Dalam 10 tahun terakhir, Bondan melakukan wisata kuliner. Sampai saat ini, paling kurang ada 5.000 tempat kuliner yang sudah didatanginya. Tempat-tempat itu menyebar di seluruh Indonesia, dari kota besar sampai pelosok negeri. Ia telah berjasa mengangkat banyak makanan tradisional. Bahkan, kehadirannya menjadi legitimasi kualitas suatu tempat jajanan kuliner. Meski bukan seorang juru masak, tapi pengalamanya di bidang kuliner sangat kaya. Lewat wisata kuliner, Bondan memberi pengaruh pada intensitas jual beli para pedagang, terutama pedagang kecil. Komentar terkenal darinya, Maknyus!, adalah brand yang jadi penanda untuk makanan yang mempunyai cita rasa tinggi.

Komentar maknyus pun tidak sembarangan keluar dari mulutnya. Ia tak mau asal ”maknyus”. Karena itu, tak heran bila kehadirannya di suatu tempat, entah itu warung atau restoran, jadi berkah tersendiri. Tidak sedikit pemilik gerai makanan memajang potret dirinya selagi menikmati makanan di tempat mereka. Maknyus pun jadi semacam magnet banyak pedagang kecil makanan tradisional menimba laba.

“Sebagian besar orang Indonesia luput untuk memiliki kesadaran sejarah. Jadi, kalau kita bertanya, misalnya rawon itu asal-usulnya bagaimana, pasti tidak akan ada yang bisa menjawab. Dari mana asal kata tongseng, itu merupakan pertanyaan yang absurd bagi para penjual tongseng karena memang mereka tidak pernah merasa bahwa itu penting.” Itu sebabnya, sebagai penulis, Bondan juga melakukan pengembangan penting dalam penulisan kuliner, dengan mengangkat sejarah kuliner itu sendiri.
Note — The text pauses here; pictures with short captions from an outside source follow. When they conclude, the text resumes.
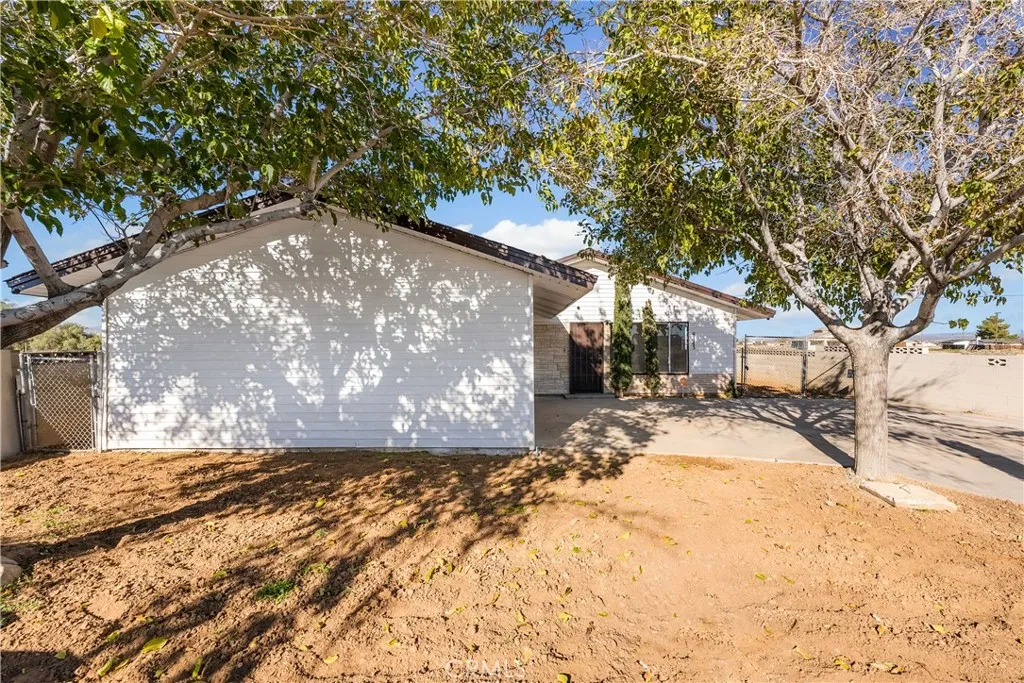 Additional image 47 of 8443 Dogbane Ave, California City, CA 93505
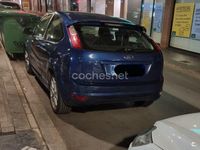 Usado Ford Focus Trend 90 CV (66 kW) 2007 Azul Berlina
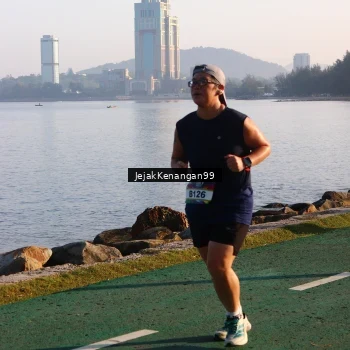 Runner Photo 6103683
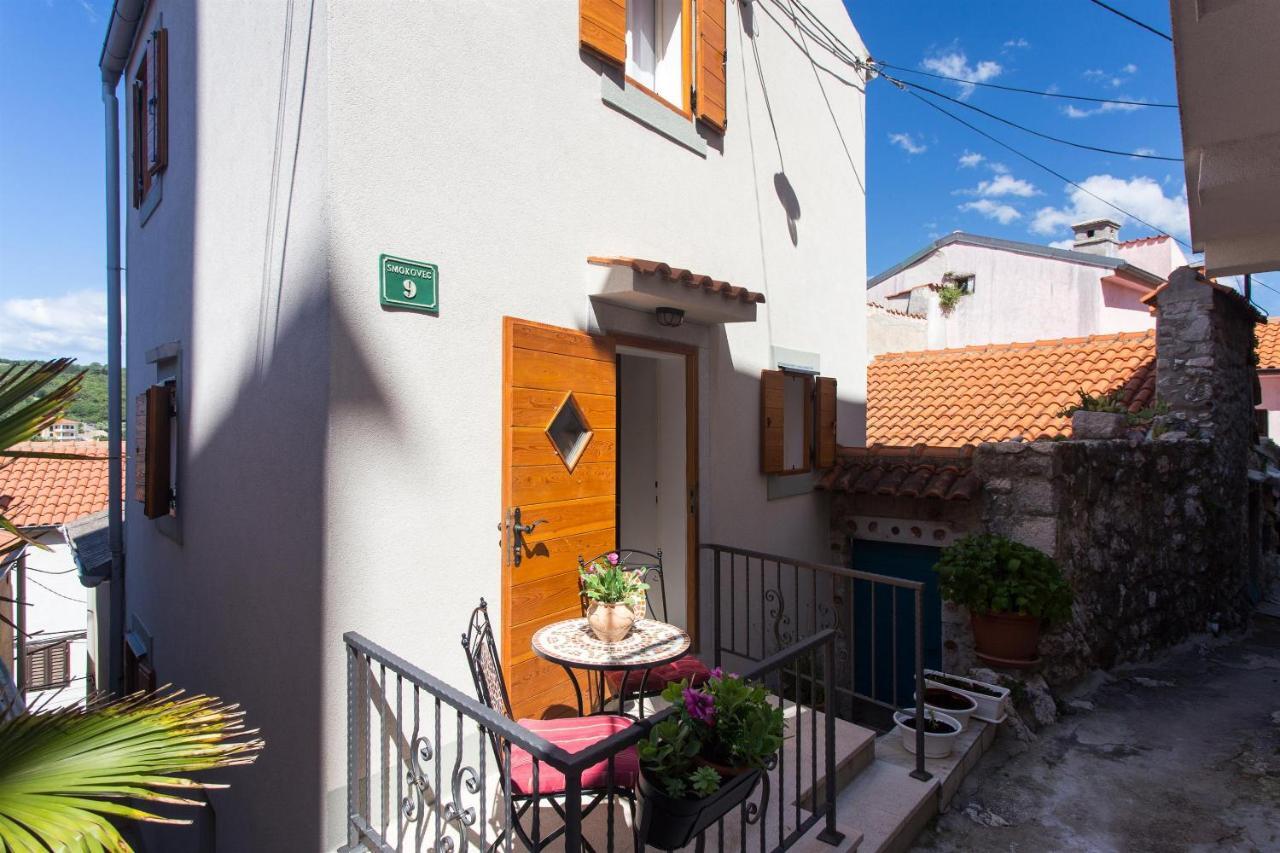 Holiday Home Smokovec Vrbnik Exterior photo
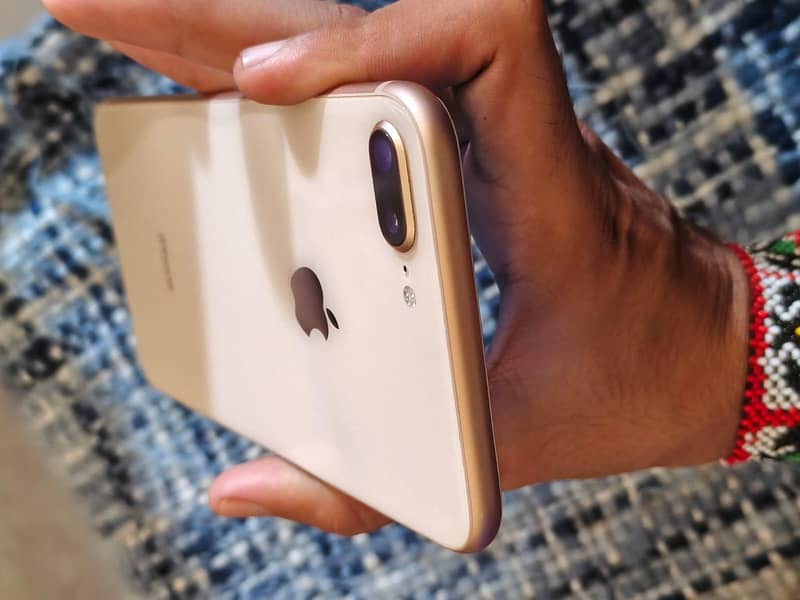 Apple iPhone 8 Plus 4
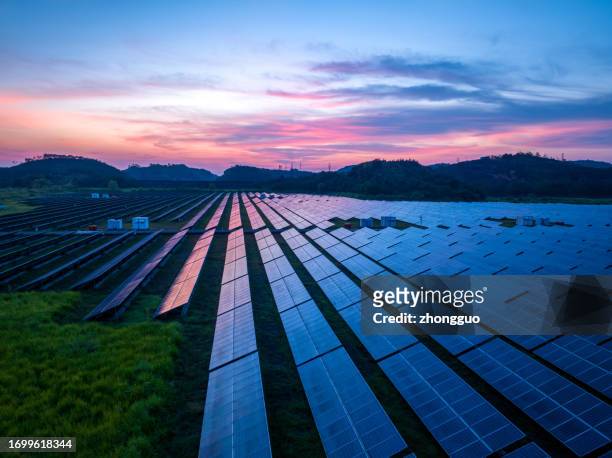 sunset, photovoltaic power generation - solar farm stockfoto's en -beelden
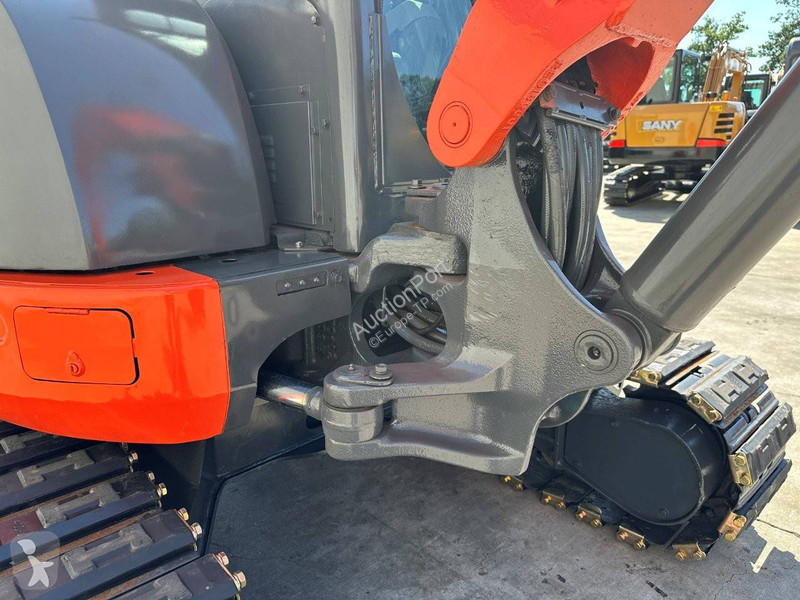 Pelle Kubota Kubota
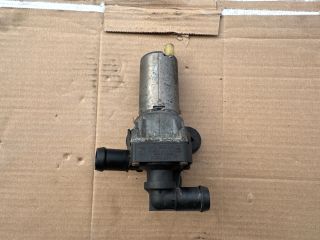 bontott BMW 3 E90 Kiegészítő Vízszivattyú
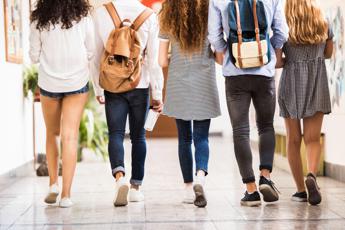 giovani e lavoro a contare di pi249 232 lo stipendio160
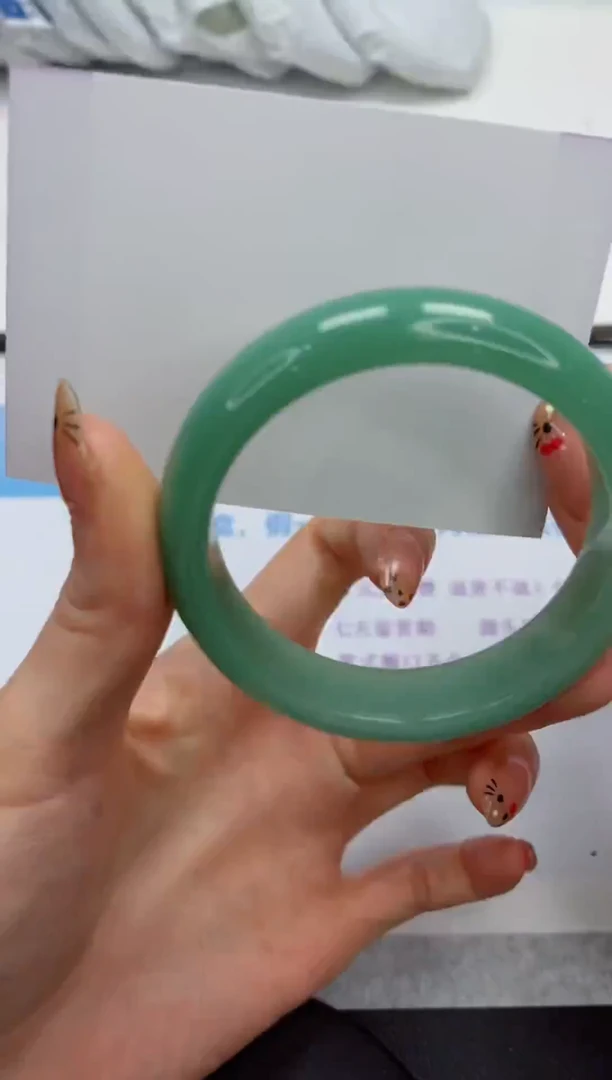 未镶嵌手镯石英质玉47-56.2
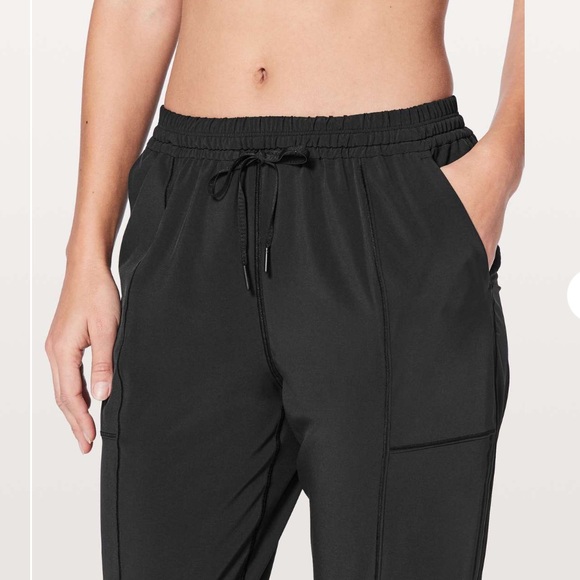 Lululemon Final Play Crop size 4 black - Picture 4 of 11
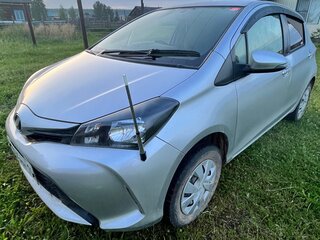 2014 Toyota Vitz III (XP130) Рестайлинг, серебристый, 600000 рублей, вид 1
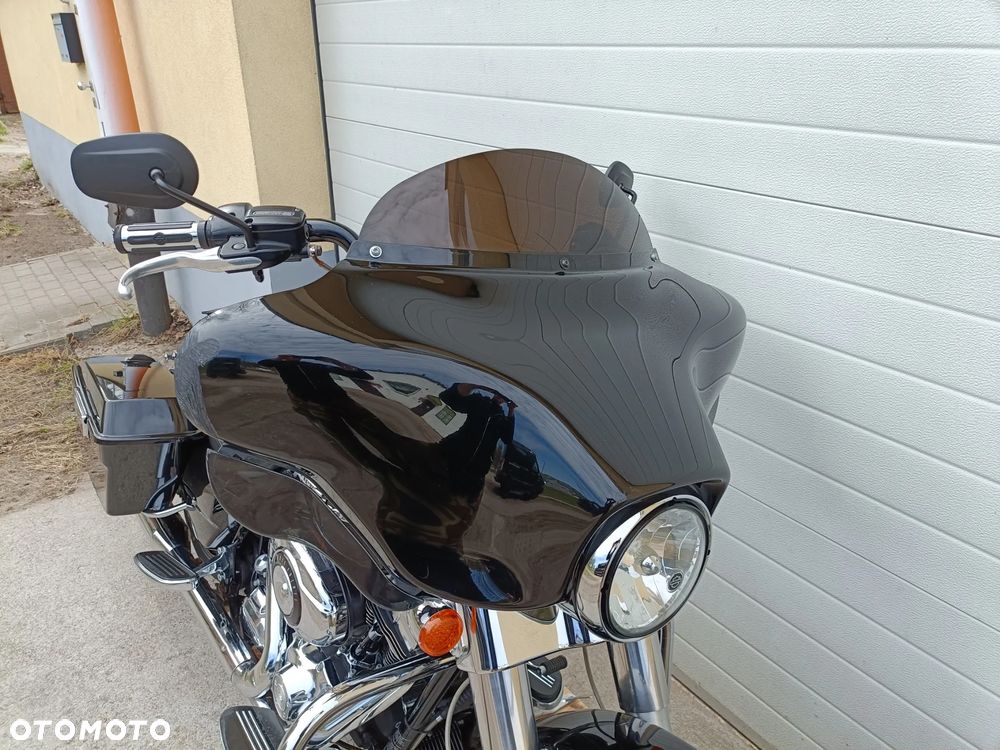 Harley-Davidson Touring Street Glide - 14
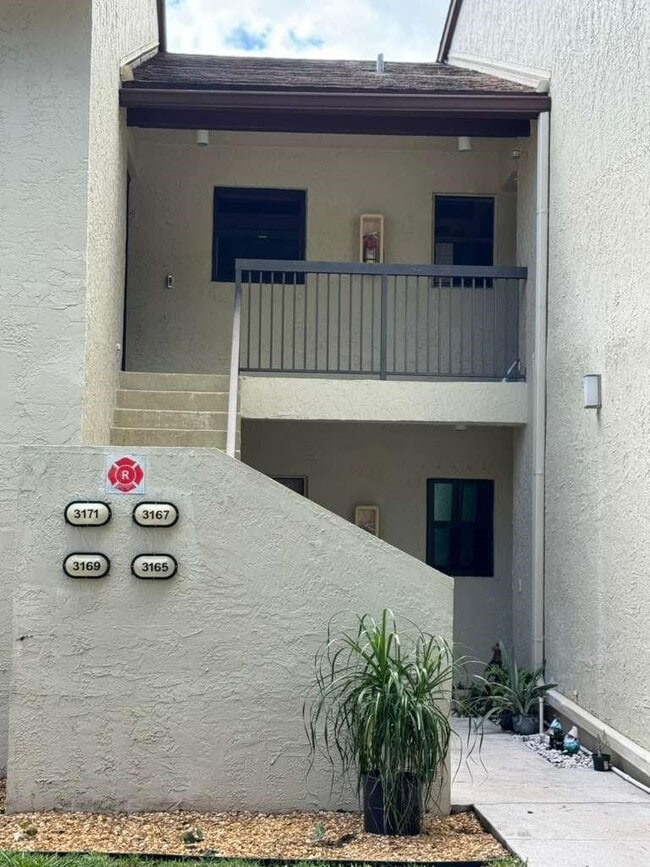 Building Photo - 3167 Cocoplum Cir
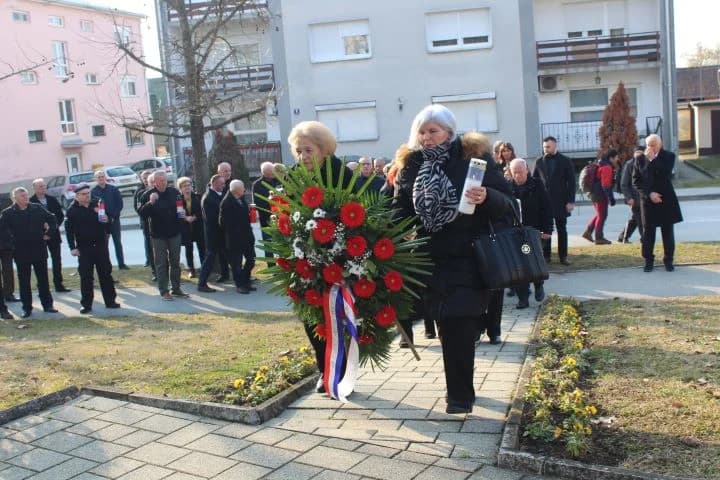 U SJEĆANJE NA POKOJNE BRANITELJE S PLETERNIČKOG PODRUČJA: Polaganjem vijenaca i svetom misom odana počast herojima Domovinskog rata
Dalam hal itu, ia tak hanya melakukan wisata, tetapi juga melakukan investigasi, meski selalu dianggap sepele.

Semua bermula saat ia masih menjadi pemimpin redaksi sebuah media. Seorang wartawan muda menemuinya di ruang kerja. “Mengapa Bapak tidak menulis tentang politik saja? Mengapa menulis kuliner?” demikian saran wartawan muda itu penuh harap. Bondan memaklumi, mungkin wartawan mudanya itu ingin ia seperti pemimpin redaksi di banyak media yang piawai menulis kolom politik. Sesuatu yang dianggap penting dan intelek. Sebaliknya, menulis kuliner terkesan remeh, cetek, dan tidak penting.

“Bisakah saudara menggantikan saya menulis kuliner?” Bondan balik bertanya. Akhirnya, si wartawan muda itu tak bisa. “Menulis kuliner adalah investigasi yang tidak gampang.” Lebih kurang selama 15 tahun Bondan menyelami dunia kuliner. Ia menerbitkan buku 100 Masakan Tradisional Indonesia di tahun 2014. Setelah Myra Sidharta dan Onghokham, saat ini Bondan Winarno menjadi orang yang paling serius menulis tentang kuliner beserta sejarah kuliner Indonesia.

“Sangat tidak mudah, memilih 100 terbaik dari sekian banyak makanan yang pernah dicoba,” katanya. Buku itu telah berandil menciptakan publik penyuka makanan tradisional Indonesia, yang tak hanya dari dalam, tetapi juga luar negeri. Bahkan, buku tersebut menjadi ‘buku wajib’ para pelancong di Indonesia. Selain memberikan referensi makanan tradisional, buku Bondan itu juga memuat jejak-jejak ke-Indonesiaan yang teracik lewat khasanah kulinernya.